Yakov Grigoryevich Zhilinsky (; 27 March 1853 – 1918) was a Russian cavalry general, chief of staff of the Imperial Russian Army from 2 February 1911	to 4 March 1914. He was considered to be one of the main culprits of the failure of the East Prussian Campaign in the early stages of the First World War.

Biography
Zhilinsky was born on March 15, 1853, in Mikhaylov in the Ryazan Governorate. His family were nobility from the Smolensk Governorate, and he was born to Colonel Grigori I. Zhilinsky and Catherine Petrovna (née Muromtseva). In an early age, he attended the Gymnasium Creiman in Moscow.

He joined active service as a cadet in the Sumy Hussar Regiment. In 1876, he graduated from the   in St.

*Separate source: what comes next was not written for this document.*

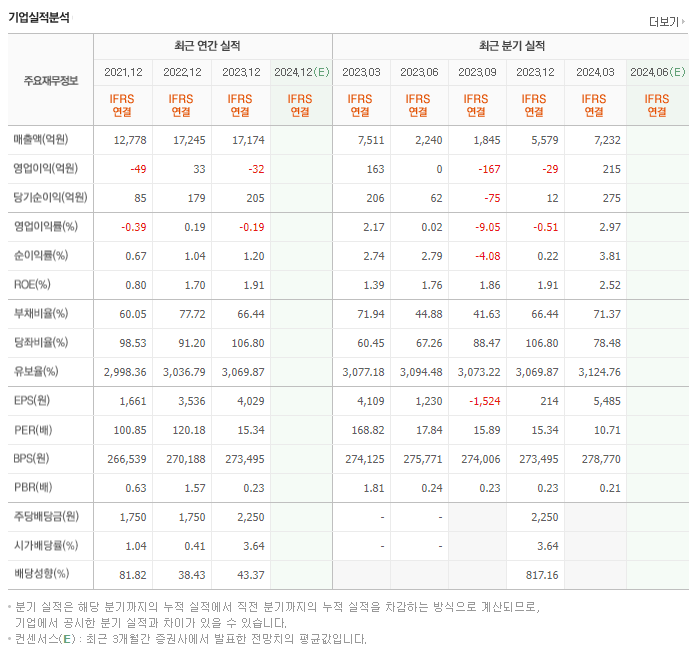 서울가스_실적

Petersburg and was assigned to the Horse Guards Regiment of the Imperial Guard as a cornet. He was considered one of the best riders in the school and was in charge of training the regiment. 

In 1883, he graduated from Nikolaev Academy of the General Staff at the first category. For excellent success, he was promoted to captain. After serving as a senior aide to the staff of the 1st Grenadier Division, he served from 14 February 1894 on the Military Scientific Committee of the General Staff, a military intelligence organization responsible for the study of foreign countries.

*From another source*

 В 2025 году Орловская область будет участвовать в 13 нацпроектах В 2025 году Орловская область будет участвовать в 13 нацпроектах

During the Spanish–American War Zhilinsky was a Russian military observer with the Spanish Army in Cuba. On his return, he published a book on the war, which analyzed the causes of Spain's defeat. 

In 1899, Zhilinskiy served as a member of Russian delegation at the Hague Peace Conference. He was appointed commander of the 52nd Dragoons Regiment from August 1899. In 1900, he was promoted to the rank of major general and was appointed Quartermaster general.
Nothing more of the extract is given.